- ACTIVITY -
Would you retype the entries from the first line to the line bearing "girl holding flower", both included, leaving out every picture?

%%

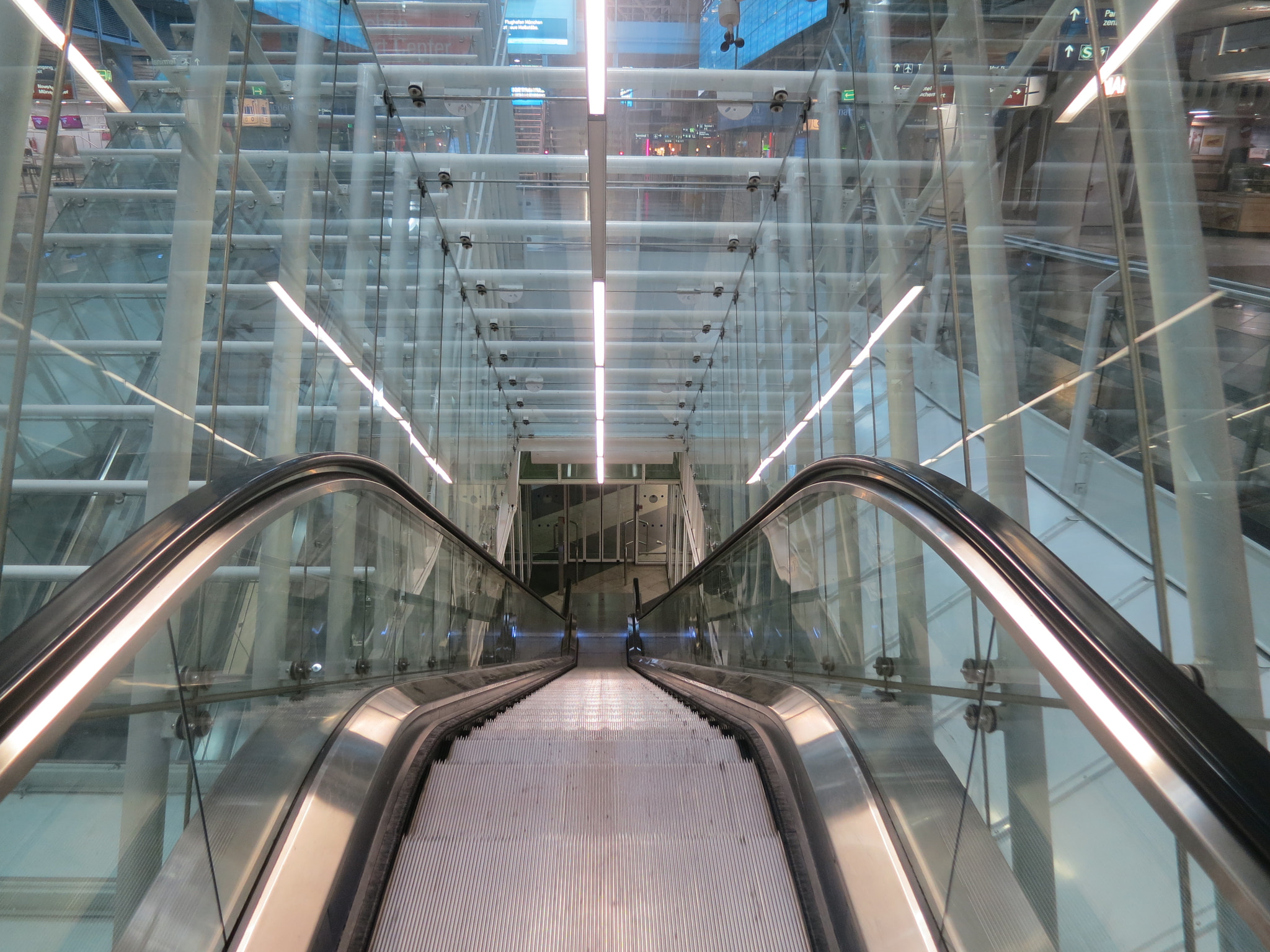 Canon PowerShot S100 sample photo. Munich at nught: premium escalator at the airport. photography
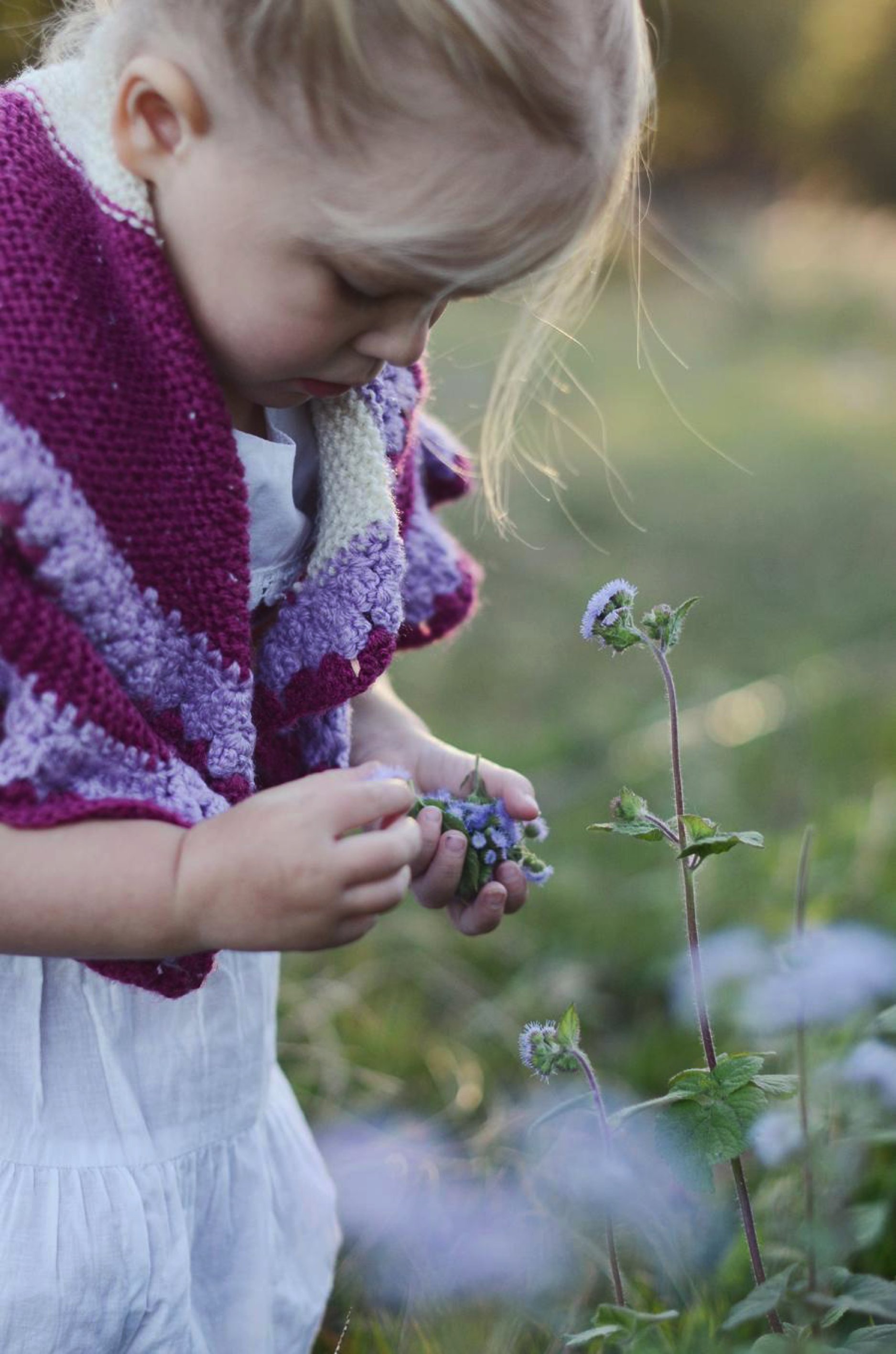 girl holding flower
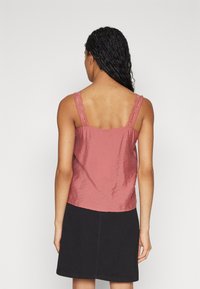 Vaaleanpunainen toppi, jossa on pitsiset olkaimet, pehmeä rakenne ja hieman valuva muotoilu. Yhdistetty mustaan hameeseen, joka näyttää rentoa istuvuutta ja epämuodollista tyyliä.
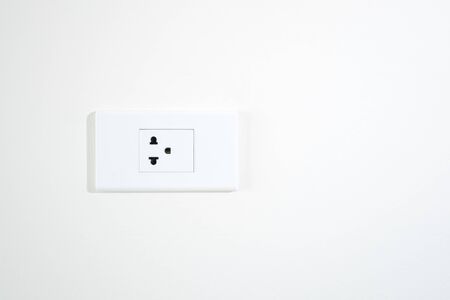 plug on white wall minimal textureの写真素材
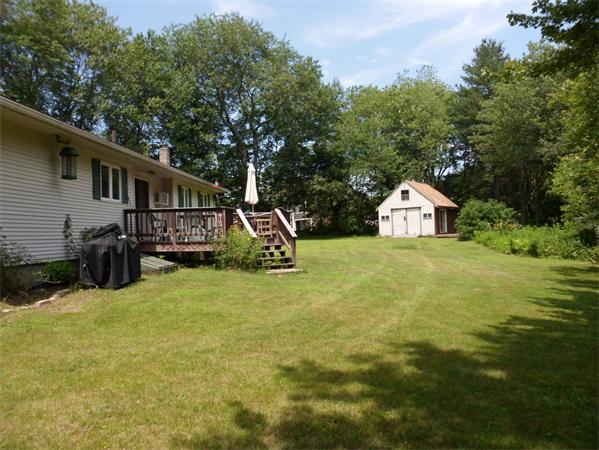 98 Adams Road Grafton, MA 01536 - Photo 13 of 15 a view of a house with backyard and sitting area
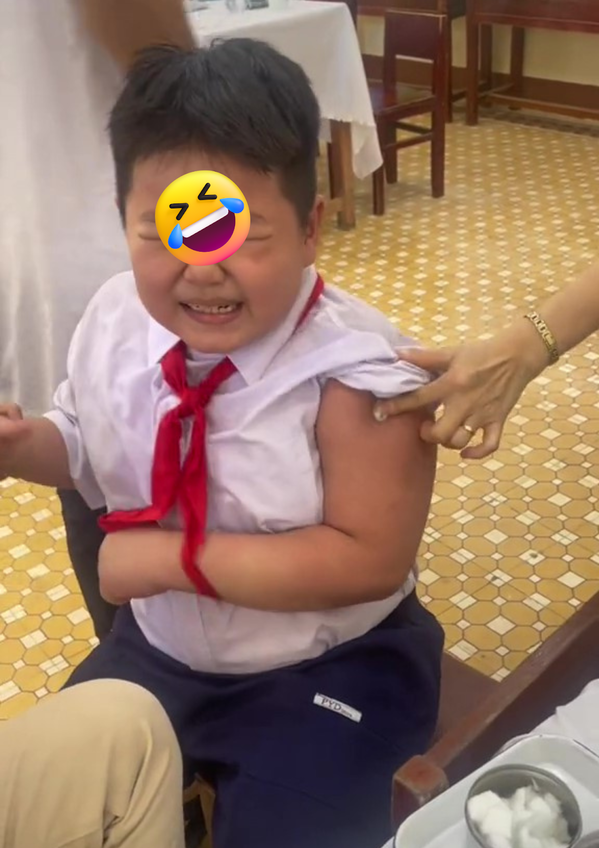 Sau khi đã giữ được cậu bé ổn định, cô y tá nhanh chóng tiêm vắc-xin cho cậu bé.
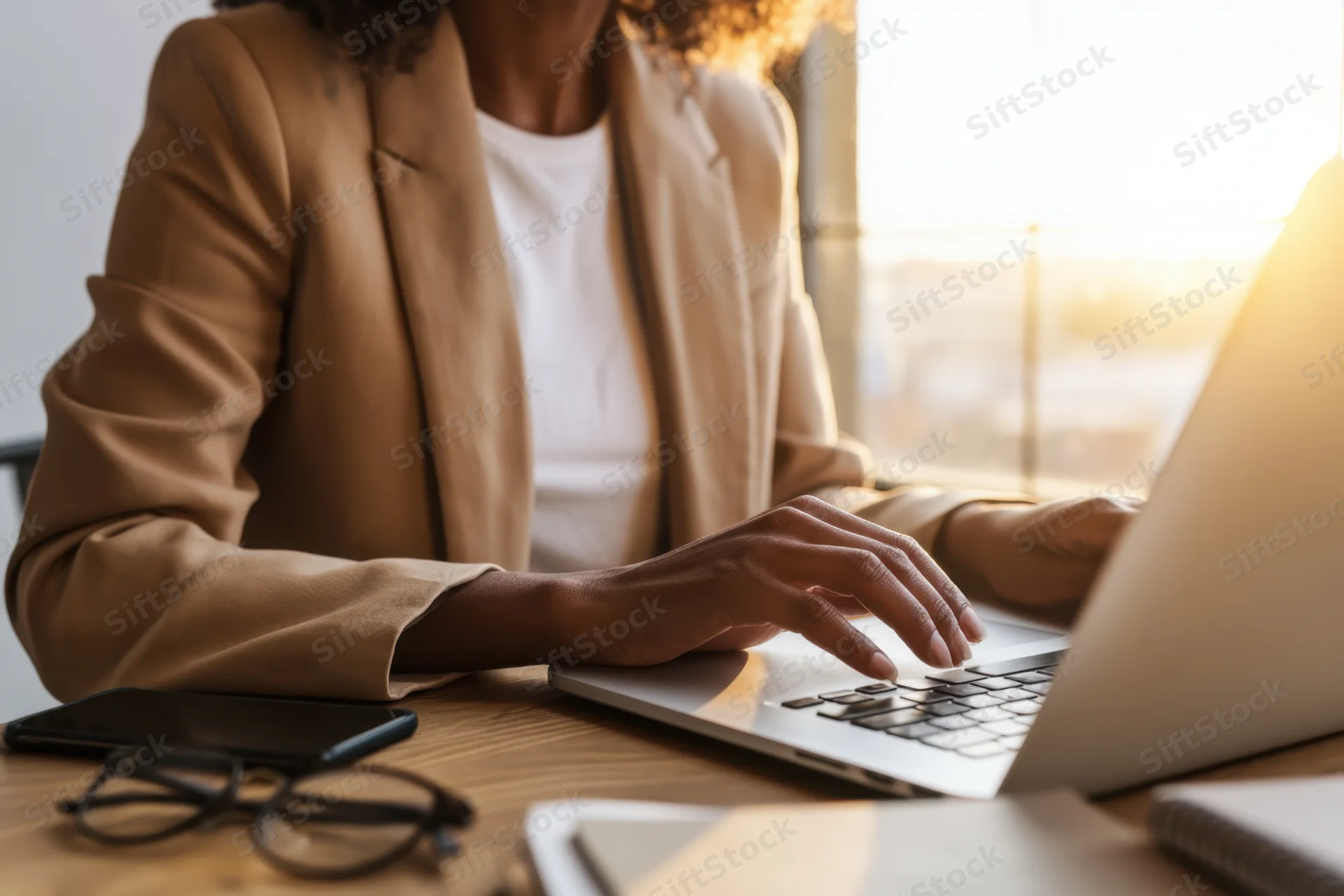 Woman in tan blazer typing on laptop at wooden desk by window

%%

- RESPONSE AREA -
 Canon PowerShot S100 sample photo. Munich at nught: premium escalator at the airport. photography
 girl holding flower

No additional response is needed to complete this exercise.